The Earl of Erroll: Before the Minister sits down, I have probably misunderstood the whole thing. I thought that the purpose was eventually to make electronic documents admissible in the courts because signatures would be recognised and it would not be just between two companies. At some point there will be a row and it will be tested in the courts. Will every single service provider of certificates have to be tested for quality individually in each court case? I thought the whole idea was to have some sort of national certification, in general, of these service providers so that one would know which service providers one can trust on a more national level instead of having to test every single one in the courts which, it seems from what the Minister is saying, is going to happen.

Lord Sainsbury of Turville: The whole purpose of the clause is that there will be a national register of providers of cryptographic services which will have a kitemark that can be relied upon. The question of whether a particular electronic signature is valid before a court will have to be decided by that court. However, there will be a national register of cryptographic services to acceptable standards, and that is what the clause is about.

Baroness Buscombe: I believe that I have understood the Minister's response. However, I am concerned that it does not deal with the question of re-registration, to which noble Lords have referred. Without the proposed amendment there will necessarily be a situation in which there are multiple registrations when overseas companies establish operations in the United Kingdom. I shall read what the Minister said in Hansard and possibly return to this subject on Report. In the meantime, I beg leave to withdraw the amendment.

Amendment, by leave, withdrawn.

Lord Sainsbury of Turville moved Amendment No. 7:
Page 2, line 27, leave out from beginning to ("the") and insert ("The condition that must be fulfilled before an approval is granted to any person is that").

On Question, amendment agreed to.

Baroness Buscombe moved Amendment No. 8:
Page 3, leave out lines 23 to 25 and insert--
("( ) is a small enterprise or company as defined by the Secretary of State,
shall be remunerated by the Secretary of State for the time committed to the registration process on a sliding scale which recognises the disproportionate burden placed by such procedures on the smallest businesses.").

The noble Baroness said: I rise to move Amendment No. 8 which reflects a serious need to consider the recognition of the disproportionate burden placed upon small businesses for lost time, increased costs

14 Mar 2000 : Column CWH9

and more red tape. Over the past three years the smallest businesses have faced a burden of red tape that has increased by two hours per week according to the Current Small Business Research Trust/National Westminster survey. Additional burdens cost those one to five-employee firms up to £1,700 per annum according to the accountancy profession.
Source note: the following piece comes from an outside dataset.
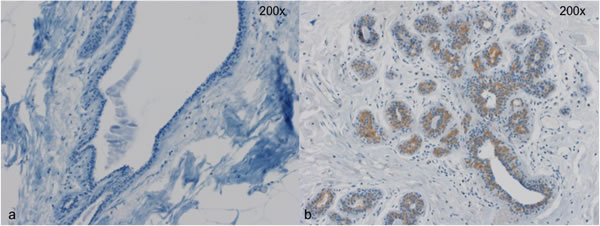 Two representative cases for Wnt4 staining.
It is interesting to note that the noble Lord, Lord Haskins, in his capacity as Chairman of the Government's Better Regulation Task Force, said only last week when launching the report of the task force that,

"The Government should recognise the additional burdens it is placing on employers and consider some form of financial support." The electronic communications revolution encourages many new businesses and, most importantly, those that do not have to put up with our regulatory burdens in order to survive; they can exist elsewhere. We want them to thrive here in the United Kingdom. We want the United Kingdom to remain ahead of its European partners in e-commerce. We thought that the Government were beginning to recognise the need for wealth creation as the source of prosperity for all. Increased burdens as proposed in the clause will only compromise that aim. I am compelled to add that the prospect of IR35 is bound to drive those businesses away from these shores altogether. I beg to move.
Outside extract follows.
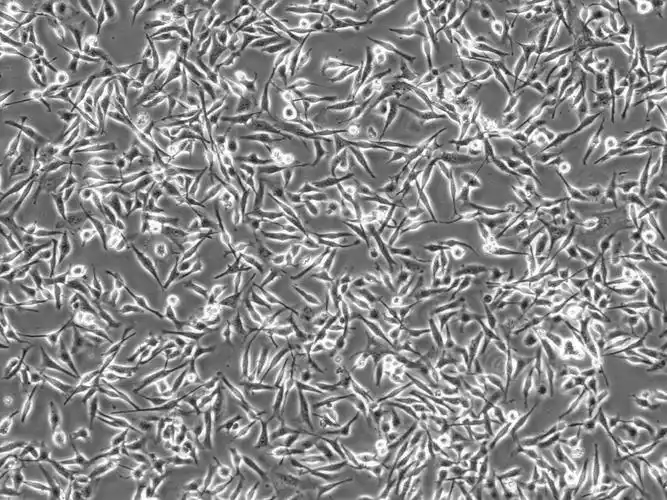 b16小鼠黑色素瘤细胞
Lord Sainsbury of Turville: I am sure that the noble Baroness tables the amendment with the intention of helping small businesses, or at least making a speech about the problems that they face. However, despite what the noble Baroness says, as drafted the amendment would have bizarre consequences. It would have the effect that all those persons who applied to be approved would have to be paid by the Secretary of State for the efforts that they expended in registering rather than pay the Secretary of State fees consistent with the benefit that approval conferred. I would hope that the noble Baroness did not intend that effect. It is a normal principle that the cost of regulation should be borne by those who are being regulated, and I see no reason why part of these costs should be borne by the taxpayer.
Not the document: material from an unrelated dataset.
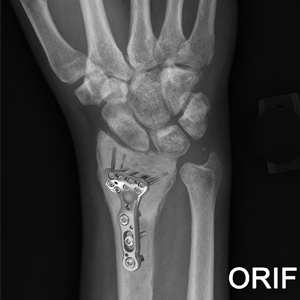 Arthroscopic Debridement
The other point, however, concerns the fee structure for small firms. I assure the noble Baroness that both in any statutory scheme and in the T Scheme, which we hope will be introduced by industry, the fee structure will reflect the size of the business applying to be approved according to the cost of approving and monitoring businesses of various different sizes. On that basis perhaps the noble Baroness will withdraw her amendment.

4 p.m.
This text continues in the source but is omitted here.